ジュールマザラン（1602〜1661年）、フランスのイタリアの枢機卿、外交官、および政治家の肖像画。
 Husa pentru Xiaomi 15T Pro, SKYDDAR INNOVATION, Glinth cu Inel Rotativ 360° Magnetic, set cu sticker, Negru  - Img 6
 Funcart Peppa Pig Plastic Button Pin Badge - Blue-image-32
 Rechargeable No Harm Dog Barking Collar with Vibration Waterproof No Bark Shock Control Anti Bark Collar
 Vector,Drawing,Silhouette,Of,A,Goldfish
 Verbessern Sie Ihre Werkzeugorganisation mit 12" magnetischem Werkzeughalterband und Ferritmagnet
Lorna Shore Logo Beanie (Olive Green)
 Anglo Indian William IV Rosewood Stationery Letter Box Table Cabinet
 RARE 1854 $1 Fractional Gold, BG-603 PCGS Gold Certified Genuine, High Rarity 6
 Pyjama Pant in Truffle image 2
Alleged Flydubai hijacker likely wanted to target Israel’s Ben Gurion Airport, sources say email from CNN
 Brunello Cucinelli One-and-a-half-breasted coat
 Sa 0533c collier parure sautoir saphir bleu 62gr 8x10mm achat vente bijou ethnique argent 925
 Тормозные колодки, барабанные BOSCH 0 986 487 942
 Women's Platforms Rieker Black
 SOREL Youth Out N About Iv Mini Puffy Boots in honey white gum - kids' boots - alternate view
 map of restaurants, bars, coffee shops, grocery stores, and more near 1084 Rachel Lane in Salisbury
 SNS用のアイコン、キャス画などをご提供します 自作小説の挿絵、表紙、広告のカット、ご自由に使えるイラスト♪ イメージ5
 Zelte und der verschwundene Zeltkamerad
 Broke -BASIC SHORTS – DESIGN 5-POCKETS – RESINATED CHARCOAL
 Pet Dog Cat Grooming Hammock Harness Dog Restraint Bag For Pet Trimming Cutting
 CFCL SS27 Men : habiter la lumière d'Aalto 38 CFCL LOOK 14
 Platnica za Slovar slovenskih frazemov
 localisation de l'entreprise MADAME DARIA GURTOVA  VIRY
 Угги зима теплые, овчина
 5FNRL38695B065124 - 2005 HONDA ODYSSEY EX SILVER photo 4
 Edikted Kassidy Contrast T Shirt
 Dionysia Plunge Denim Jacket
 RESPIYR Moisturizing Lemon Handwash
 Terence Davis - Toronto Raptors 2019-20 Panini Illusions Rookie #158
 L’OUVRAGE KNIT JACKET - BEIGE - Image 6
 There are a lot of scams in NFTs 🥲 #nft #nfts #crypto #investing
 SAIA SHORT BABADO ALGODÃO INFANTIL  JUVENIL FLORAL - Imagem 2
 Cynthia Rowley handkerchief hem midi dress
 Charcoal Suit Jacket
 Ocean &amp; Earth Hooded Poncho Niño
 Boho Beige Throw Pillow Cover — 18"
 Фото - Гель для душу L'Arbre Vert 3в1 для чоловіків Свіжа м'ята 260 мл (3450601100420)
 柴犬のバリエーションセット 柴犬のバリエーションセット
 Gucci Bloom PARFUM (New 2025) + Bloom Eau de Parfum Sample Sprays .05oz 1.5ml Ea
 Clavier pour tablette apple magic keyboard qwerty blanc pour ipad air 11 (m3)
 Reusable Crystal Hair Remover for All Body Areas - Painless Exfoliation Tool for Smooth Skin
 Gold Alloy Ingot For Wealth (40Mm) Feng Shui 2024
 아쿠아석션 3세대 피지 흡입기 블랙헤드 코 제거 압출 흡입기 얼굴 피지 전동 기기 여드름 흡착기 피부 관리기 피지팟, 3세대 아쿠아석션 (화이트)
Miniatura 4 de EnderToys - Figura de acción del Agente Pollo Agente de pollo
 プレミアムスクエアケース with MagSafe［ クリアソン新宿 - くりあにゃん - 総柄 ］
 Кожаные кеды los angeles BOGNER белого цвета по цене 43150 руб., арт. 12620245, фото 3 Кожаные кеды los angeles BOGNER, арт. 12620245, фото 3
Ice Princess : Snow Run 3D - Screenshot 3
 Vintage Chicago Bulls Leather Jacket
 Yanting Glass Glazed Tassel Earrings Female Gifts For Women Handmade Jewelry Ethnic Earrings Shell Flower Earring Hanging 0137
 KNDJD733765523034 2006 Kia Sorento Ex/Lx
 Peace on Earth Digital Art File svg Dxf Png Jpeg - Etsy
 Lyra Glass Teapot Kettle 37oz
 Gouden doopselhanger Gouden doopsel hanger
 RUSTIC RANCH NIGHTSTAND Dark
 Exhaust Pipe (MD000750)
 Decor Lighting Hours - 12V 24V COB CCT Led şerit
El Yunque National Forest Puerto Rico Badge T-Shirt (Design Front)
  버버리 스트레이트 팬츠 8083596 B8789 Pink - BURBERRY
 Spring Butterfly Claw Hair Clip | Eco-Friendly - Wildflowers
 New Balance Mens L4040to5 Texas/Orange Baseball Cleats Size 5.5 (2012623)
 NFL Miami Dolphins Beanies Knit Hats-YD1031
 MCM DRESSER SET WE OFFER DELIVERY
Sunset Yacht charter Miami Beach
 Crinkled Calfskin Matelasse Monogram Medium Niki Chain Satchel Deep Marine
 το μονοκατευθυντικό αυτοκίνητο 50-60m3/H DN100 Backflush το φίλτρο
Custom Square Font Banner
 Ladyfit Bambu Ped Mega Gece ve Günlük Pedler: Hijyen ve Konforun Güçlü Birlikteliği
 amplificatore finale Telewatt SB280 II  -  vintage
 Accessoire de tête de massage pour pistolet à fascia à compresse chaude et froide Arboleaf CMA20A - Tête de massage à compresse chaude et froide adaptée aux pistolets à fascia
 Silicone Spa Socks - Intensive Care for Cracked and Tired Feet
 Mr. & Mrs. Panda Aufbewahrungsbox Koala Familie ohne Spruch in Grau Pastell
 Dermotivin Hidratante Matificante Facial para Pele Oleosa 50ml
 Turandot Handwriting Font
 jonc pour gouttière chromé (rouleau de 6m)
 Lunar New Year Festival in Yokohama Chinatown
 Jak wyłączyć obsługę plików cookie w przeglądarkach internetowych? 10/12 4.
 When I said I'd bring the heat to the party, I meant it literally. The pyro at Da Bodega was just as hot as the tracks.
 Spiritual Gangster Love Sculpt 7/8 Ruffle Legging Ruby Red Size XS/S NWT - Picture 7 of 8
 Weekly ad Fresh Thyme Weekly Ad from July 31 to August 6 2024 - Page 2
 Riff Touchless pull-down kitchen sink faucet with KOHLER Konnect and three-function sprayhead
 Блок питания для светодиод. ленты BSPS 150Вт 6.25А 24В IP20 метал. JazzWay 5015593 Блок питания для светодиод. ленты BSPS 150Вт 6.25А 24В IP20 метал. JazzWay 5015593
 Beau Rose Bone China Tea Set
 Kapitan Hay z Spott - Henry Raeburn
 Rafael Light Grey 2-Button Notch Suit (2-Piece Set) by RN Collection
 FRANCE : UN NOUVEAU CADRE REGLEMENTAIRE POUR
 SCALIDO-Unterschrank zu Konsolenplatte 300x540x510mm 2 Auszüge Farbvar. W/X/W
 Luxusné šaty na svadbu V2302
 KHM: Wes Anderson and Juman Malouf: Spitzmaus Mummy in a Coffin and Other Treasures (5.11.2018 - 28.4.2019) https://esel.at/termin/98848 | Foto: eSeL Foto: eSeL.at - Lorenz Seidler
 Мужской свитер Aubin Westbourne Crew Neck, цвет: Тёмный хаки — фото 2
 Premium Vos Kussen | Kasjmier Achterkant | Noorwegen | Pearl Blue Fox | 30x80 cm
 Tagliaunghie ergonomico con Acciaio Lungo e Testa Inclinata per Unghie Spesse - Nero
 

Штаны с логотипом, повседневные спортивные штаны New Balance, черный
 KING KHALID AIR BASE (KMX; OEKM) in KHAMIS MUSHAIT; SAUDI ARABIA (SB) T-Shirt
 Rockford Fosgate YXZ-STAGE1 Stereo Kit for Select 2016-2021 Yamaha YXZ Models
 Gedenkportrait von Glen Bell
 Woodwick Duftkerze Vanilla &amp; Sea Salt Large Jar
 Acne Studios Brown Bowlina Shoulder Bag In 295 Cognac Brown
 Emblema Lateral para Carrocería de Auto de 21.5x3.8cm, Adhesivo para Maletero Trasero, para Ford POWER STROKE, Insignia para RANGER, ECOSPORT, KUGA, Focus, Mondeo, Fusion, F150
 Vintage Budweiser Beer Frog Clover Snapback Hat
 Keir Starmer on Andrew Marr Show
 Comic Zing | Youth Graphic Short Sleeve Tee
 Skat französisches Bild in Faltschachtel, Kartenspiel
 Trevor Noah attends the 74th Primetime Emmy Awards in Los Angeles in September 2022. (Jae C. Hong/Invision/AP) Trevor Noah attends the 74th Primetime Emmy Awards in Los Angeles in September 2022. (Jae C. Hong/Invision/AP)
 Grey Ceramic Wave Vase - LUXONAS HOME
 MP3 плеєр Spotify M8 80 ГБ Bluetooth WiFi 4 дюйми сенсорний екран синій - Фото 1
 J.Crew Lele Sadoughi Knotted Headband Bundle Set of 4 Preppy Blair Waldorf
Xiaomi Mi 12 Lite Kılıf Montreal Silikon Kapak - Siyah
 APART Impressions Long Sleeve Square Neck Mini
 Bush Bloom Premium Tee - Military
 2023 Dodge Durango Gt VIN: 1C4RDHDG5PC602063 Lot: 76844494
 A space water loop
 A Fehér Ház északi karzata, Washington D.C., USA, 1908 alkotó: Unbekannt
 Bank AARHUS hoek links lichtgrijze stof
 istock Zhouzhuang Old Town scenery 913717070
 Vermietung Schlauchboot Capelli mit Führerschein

____

Work order: Go through the entries above and pull out each line with "Suit" in it.

Task response:
 Charcoal Suit Jacket
 Rafael Light Grey 2-Button Notch Suit (2-Piece Set) by RN Collection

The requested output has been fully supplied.